» **EXERCISE PROMPT**: An exact repetition of the data below, without images, is the expected answer.

» **INFORMATION PROVIDED**:

──────

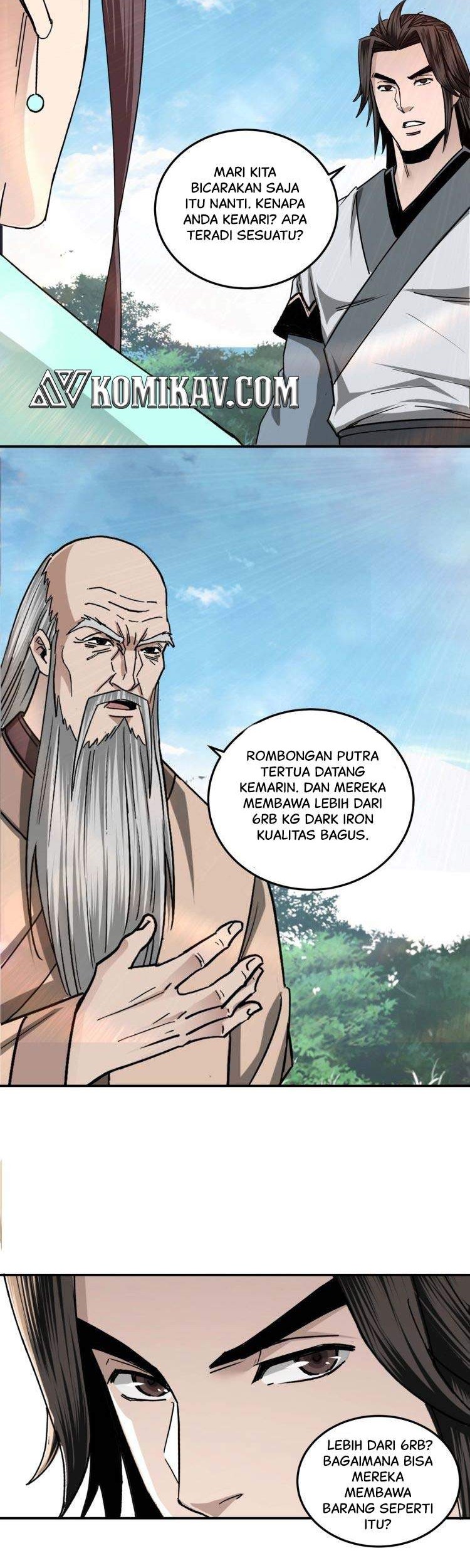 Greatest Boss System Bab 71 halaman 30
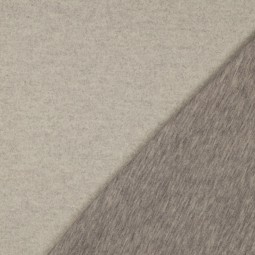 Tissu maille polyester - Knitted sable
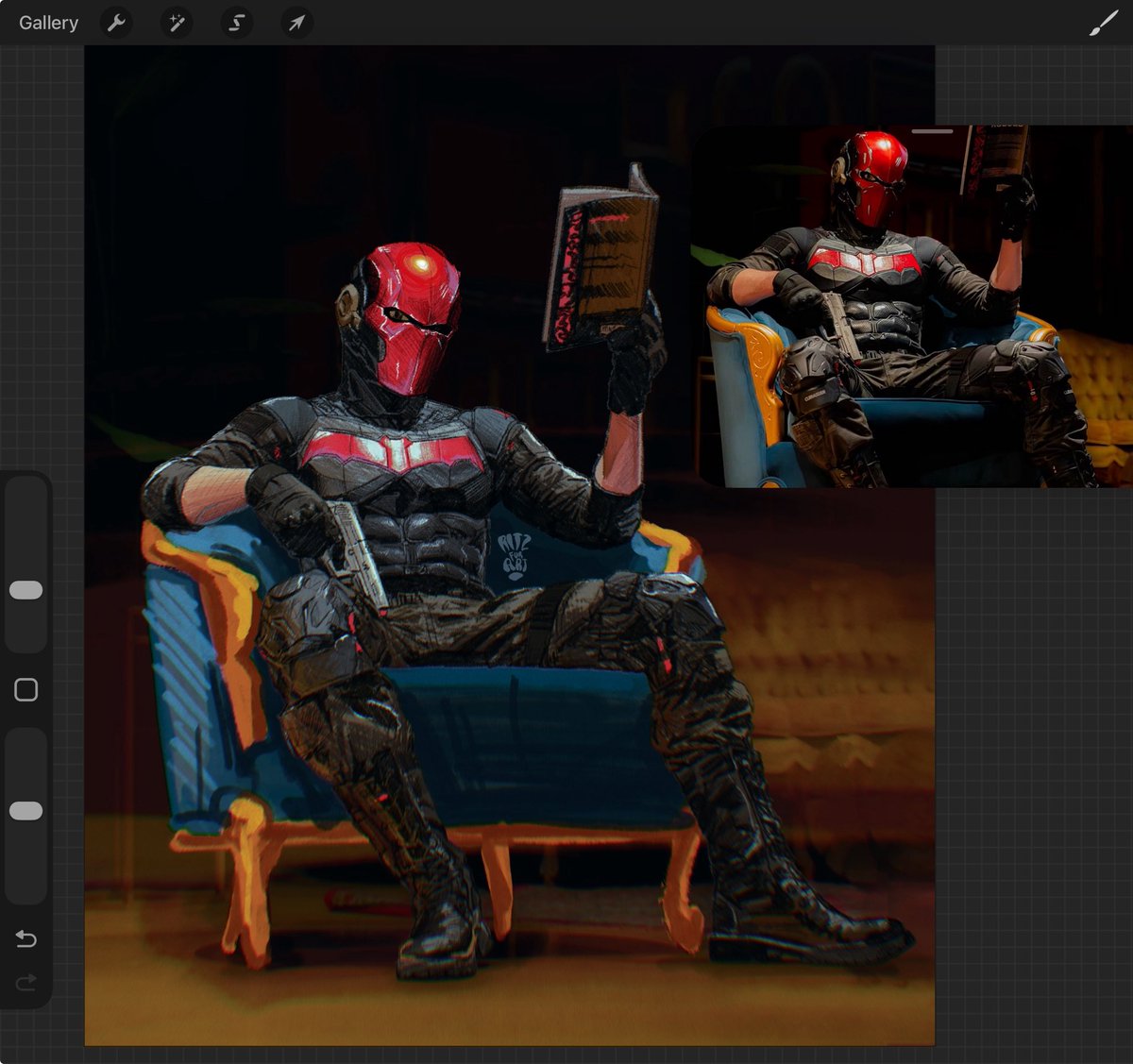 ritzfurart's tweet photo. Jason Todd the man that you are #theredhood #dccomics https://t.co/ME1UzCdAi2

──────

» **RESPONSE BELOW**:
 Greatest Boss System Bab 71 halaman 30
 Tissu maille polyester - Knitted sable
 ritzfurart's tweet photo. Jason Todd the man that you are #theredhood #dccomics https://t.co/ME1UzCdAi2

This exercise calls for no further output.